By: Jo Ann Kiser
Publisher: Atmosphere Press
Publication Date: July 11, 2022
Reviewed by: Barbara Bamberger Scott
Review Date: July 18, 2022
In these memory-tinged stories, author Jo Ann Kiser revisits the scenes of her youth and development in a manner both touching and amusing as she depicts scenarios centered around her home place in eastern Kentucky.
In the first of fourteen tales, "The Guitar Player," Kiser tells introduces a guitar player, Hollis Ray, a man it seems without age or history who appears many times in the recollections of Clara, a tough-spirited girl determined to finish her schooling despite the raw circumstances her family is mired in. Her father Otis, brother Luke and she must live in a dingy hotel seeking work to bolster the family finances and get her back to college. Strangely, Hollis Ray is part of the saga, sharing his folkloric talents, singing the old songs.
Each of Kiser’s stories are imbued with the symbolism and sad realities of bygone times: many babies lost in childbirth; the struggles between the coal mine operators and the unions organized by desperate miners whose lives are under threat every time they go down in the damp darkness; the diligence of mothers trying to keep families fed on whatever foods can be found; the simple legacies of battered houses, old photos and a wedding ring quilt. Through each scenario there are observers, mostly female but some hard-working men as well. Settings range from “a string of gaunt gray houses perched above a dark greasy river” in a mining village, to the excitements of New York City and the quickly fading comforts of Florida, as characters migrate for money and a new lease on some form of secure lifestyle. The final story, “Encounters of a Close Kind,” links some of the families together in a visit to gravesites high on a hill.
There is little doubt that author Kiser is portraying herself, in bits and pieces, throughout this emotive collection. Scattered through the narrations are young women from the Kentucky byways longing to be back in the safety of a school dorm, clinging to hopes vested in writing and editing jobs such as Kiser has pursued in her own ventures away from coal country and factory towns. Though they have different names and disparate heritage, each is devoted in some way to the past, while embracing the alluring prospects of education, improvement, and a brighter future.

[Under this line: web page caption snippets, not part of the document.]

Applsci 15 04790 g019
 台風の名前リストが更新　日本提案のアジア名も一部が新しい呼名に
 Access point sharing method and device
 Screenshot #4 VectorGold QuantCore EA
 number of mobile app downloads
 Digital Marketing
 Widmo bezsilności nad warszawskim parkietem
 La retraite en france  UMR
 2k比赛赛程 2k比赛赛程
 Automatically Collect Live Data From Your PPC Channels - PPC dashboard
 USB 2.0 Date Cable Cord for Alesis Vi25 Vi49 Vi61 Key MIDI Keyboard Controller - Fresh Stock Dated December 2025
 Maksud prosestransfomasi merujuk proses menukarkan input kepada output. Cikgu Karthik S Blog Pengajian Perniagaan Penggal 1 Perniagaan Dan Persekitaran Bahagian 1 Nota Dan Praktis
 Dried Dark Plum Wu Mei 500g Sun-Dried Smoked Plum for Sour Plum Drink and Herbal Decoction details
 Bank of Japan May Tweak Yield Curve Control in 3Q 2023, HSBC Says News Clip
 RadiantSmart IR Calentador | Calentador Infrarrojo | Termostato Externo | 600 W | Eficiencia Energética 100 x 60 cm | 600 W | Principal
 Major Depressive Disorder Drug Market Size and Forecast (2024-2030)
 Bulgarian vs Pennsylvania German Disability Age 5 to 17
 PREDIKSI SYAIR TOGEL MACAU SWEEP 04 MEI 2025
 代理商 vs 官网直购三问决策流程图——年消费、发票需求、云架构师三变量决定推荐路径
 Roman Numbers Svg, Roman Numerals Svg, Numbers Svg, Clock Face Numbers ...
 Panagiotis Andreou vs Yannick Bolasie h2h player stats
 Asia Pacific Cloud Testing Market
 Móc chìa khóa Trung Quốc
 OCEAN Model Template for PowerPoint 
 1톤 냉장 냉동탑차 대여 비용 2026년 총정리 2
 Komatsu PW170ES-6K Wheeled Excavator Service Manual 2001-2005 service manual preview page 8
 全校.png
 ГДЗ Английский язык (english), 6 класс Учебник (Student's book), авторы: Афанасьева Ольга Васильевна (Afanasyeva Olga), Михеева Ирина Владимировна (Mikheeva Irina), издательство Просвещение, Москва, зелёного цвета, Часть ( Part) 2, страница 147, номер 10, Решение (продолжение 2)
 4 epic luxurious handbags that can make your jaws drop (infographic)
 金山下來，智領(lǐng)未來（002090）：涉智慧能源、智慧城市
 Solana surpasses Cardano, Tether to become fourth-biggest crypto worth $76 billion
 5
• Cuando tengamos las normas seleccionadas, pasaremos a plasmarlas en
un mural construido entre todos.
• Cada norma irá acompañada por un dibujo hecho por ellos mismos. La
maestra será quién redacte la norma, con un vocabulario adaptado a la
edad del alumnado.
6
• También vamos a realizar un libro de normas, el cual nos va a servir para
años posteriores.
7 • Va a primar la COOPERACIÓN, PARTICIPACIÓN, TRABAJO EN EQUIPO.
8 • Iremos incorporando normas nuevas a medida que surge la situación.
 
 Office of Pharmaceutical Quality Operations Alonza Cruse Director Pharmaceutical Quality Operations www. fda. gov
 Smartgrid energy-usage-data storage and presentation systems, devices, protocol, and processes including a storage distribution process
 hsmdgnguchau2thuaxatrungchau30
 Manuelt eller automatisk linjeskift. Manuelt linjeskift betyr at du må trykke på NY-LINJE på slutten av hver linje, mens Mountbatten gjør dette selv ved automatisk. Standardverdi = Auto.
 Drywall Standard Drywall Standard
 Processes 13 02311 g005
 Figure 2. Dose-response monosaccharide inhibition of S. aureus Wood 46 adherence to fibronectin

Kiser’s prose is delicate and poignant, infused with the accents and small touches that credibly reveal her humble beginnings. Readers will hope for more offerings from this strong American voice.
Quill says: In The Guitar Player, Jo Ann Kiser has wrapped her many special characters in a cloak of memories - some harsh, some tender, all related in some way to hard times and a poverty-shaded childhood that many readers will recognize and identify with.